2011 World Telekinesis Competition

Team Profiles


The Psychic Amateurs


The Psychic Amateurs team is comprised of three deceased members who practise Telekinesis from the grave. Johannes, Bucky and Roger have been working together for a number of decades but have not yet had the chance to participate in a competition. The members wish to express their gratitude to Noxious Sector for organizing the Telekinesis games.


Johannes Gutenberg (b. February 3, 1468) was a German goldsmith and printer, who is credited with inventing movable type printing in Europe (c. 1439) and mechanical printing globally. His major work, the Gutenberg Bible, also known as the 42-line bible, has been acclaimed for its high aesthetic and technical quality. Among the specific contributions to printing that are attributed to Gutenberg are the design of metal movable type, the invention of a process for making such type in quantity (mass production), the use of oil-based ink, and the use of a wooden printing press similar to the screw olive and wine presses of the period. His truly epochal invention was the combination of these elements into a practical system. Gutenberg may have been familiar with printing; it is claimed that he had worked on copper engravings with an artist known as the Master of the Playing Cards. Gutenberg's method for making type is traditionally considered to have included a type metal alloy and a hand mould for casting type. It should be noted that new research may indicate that standardised moveable type was a more complex evolutionary process spread over multiple locations.

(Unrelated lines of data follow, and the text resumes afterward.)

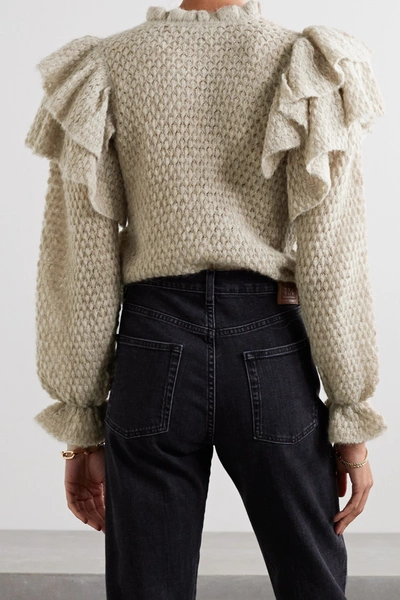 Shop Ulla Johnson Camilla Ruffled Open-knit Alpaca-blend Sweater In Beige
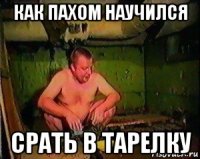 как пахом научился срать в тарелку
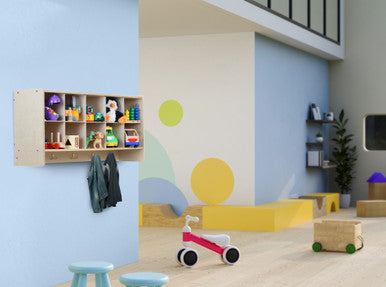 RRI Goods 10-Section Wall Mount Classroom Storage Cubby Organizer with Plastic Bins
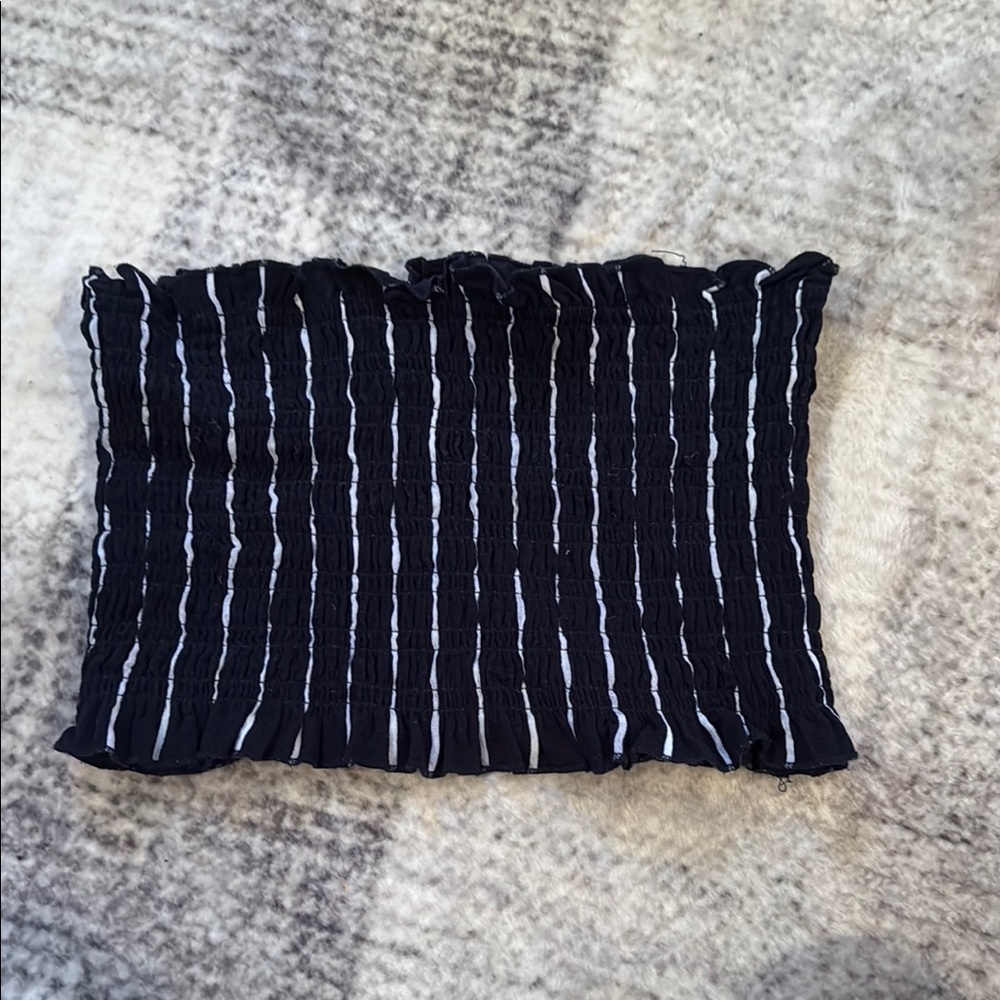 Navy and White Striped Tube Top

Bucky Fleur (b. 1893) Paris and educated in London, invested a great deal of time and money learning Arabic and other languages, which would be her tools of discovery. Living to the age of 100, she devoted her life to the art of solo travel, writing two dozen highly personal travel books. Her passion was the Middle East, and her purpose was to explore these antique lands before, as one biographer wrote, they were "irretrievably caught up in the cacaphonic whirl of the modern world." In 1928, at age 35, Stark established herself at the forefront of exploration with an audacious journey into forbidden territory of the Syrian Druze. While there, she was thrown in a military prison, but not before a trek across the infamous Valley of the Assassins, where a heretical sect of Muslims known for committing political and religious murders lived. The resulting book, The Valley of the Assassins (1934), established her recognizable style, combining practical travel advice with a lively commentary on the people, places, customs, and history of Iran. The book also brought her money and fame, in addition to grants from the Royal Geographical Society to pursue additional explorations.

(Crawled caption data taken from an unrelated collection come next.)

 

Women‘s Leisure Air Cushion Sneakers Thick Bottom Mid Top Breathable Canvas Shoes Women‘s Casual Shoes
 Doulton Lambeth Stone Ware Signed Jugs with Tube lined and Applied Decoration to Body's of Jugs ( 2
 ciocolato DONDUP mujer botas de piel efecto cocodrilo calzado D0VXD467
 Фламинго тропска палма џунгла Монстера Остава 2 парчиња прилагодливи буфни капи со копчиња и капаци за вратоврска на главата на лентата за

Roger (b. April 26, 1889) was the youngest of eight children, born into one of the most prominent and wealthy families in the Austro-Hungarian empire. His father's parents were born into Jewish families but later converted to Protestantism, and after they moved from Saxony to Vienna in the 1850s, assimilated themselves into the Viennese Protestant professional classes. Until 1903, Roger was educated at home; after that, he began three years of schooling at the Realschule in Linz, a school emphasizing technical topics. Although many of Roger's notebooks, papers, and lectures have been published since his death, he published only one philosophical book in his lifetime, the Psychic Amateur's Treatise in 1921. Roger's early work was deeply influenced by Arthur Schopenhauer, and by the new systems of logic put forward by Bertrand Russell and Gottlob Frege. He was also influenced by the ideas of Immanuel Kant, especially in relation to transcendentality. When the Psychic Amateur's Treatise was published, it was taken up as a major influence by the Vienna Circle positivists. However, Roger did not consider himself part of that school and alleged that logical positivism involved grave misunderstandings of the Treatise.